Per arrivare a questa meta, Chiara ci insegna “l’arte d’amare”, perché l’amore, come ogni arte, non s’improvisa, ma ha bisogno di essere imparato.
La simpatia o l’antipatia che proviamo nei riguardi di chi ci sta intorno, i difetti fisici o caratteriali che ci infastidiscono, il calcolo dei pro e dei contro nei rapporti con gli altri, il ricordo delle impressioni buone o cattive, sono condizionamenti trannici che possono lasciarci per tutta la vita “analfabeti dell’amore”. Se non impariamo ad amare, rischiamo di essere “esteti” dell’amore, di amare chi è lontano e dimenticare i nostri prossimi, di amare qualcuno o qualcosa “contro” qualcun altro o qualcos’altro.

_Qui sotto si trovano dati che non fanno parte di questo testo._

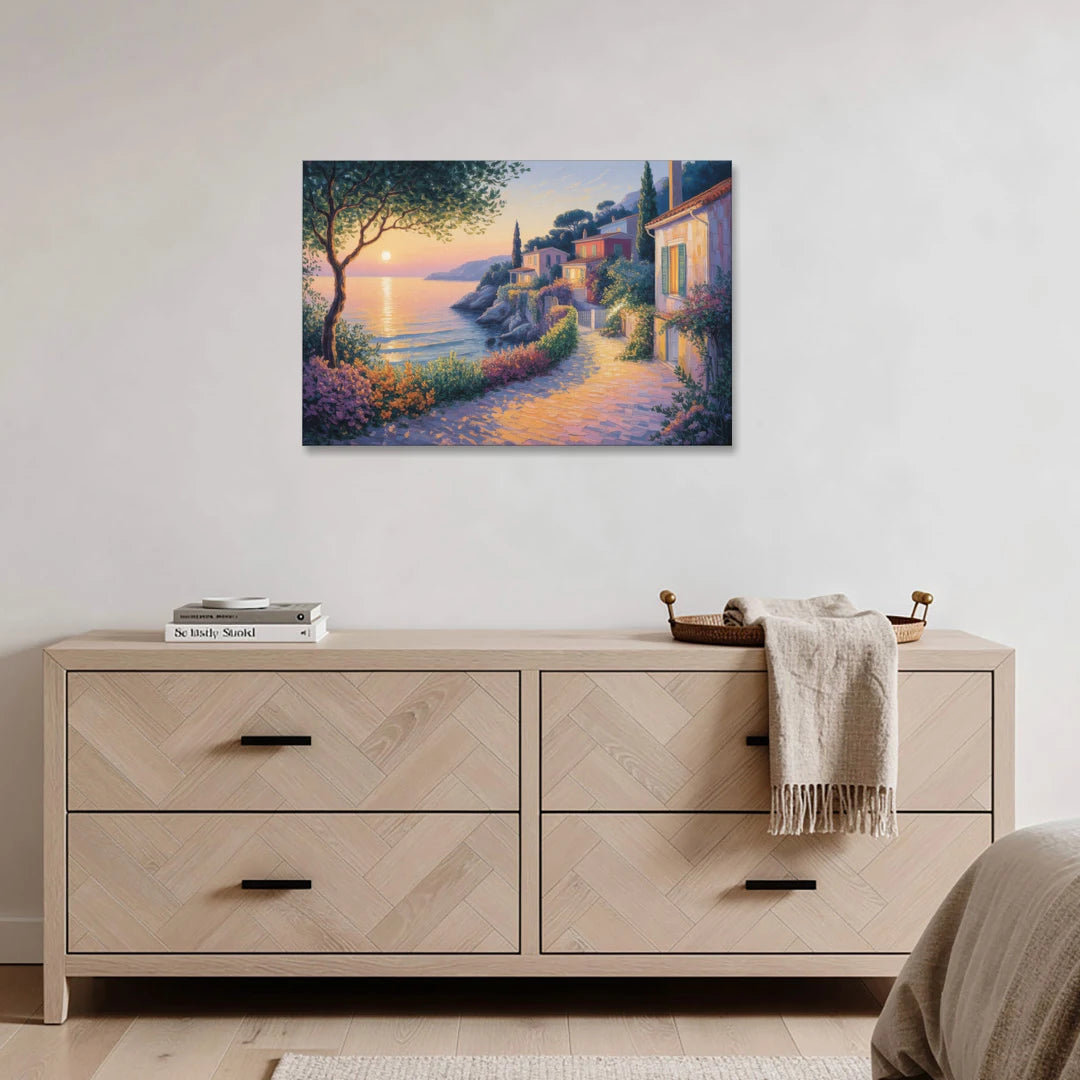 Mediterranean Glow - Canvas Wall Art - Coffee Table - 36x24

Chiara ha posto in evidenza quelle che potremmo chiamare le “lettere” di questo alfabeto evangelico: amare tutti, senza escludere nessuno, come Gesù che ha dato la sua vita per ciascuno di noi (cf. Mt 20, 28; Mc 10, 45); amare per primi, prendere l’iniziativa, come lui che ci ha amato quando eravamo ancora peccatori (cf. Rm 5, 8); amare i nemici (cf. Lc 6, 35), quelli che ci fanno torto o che sentiamo come una minaccia; farci uno, mettendoci al servizio degli altri senza esitare a rimboccarci le maniche (cf. Mt 20, 28; 1 Cor 9, 22).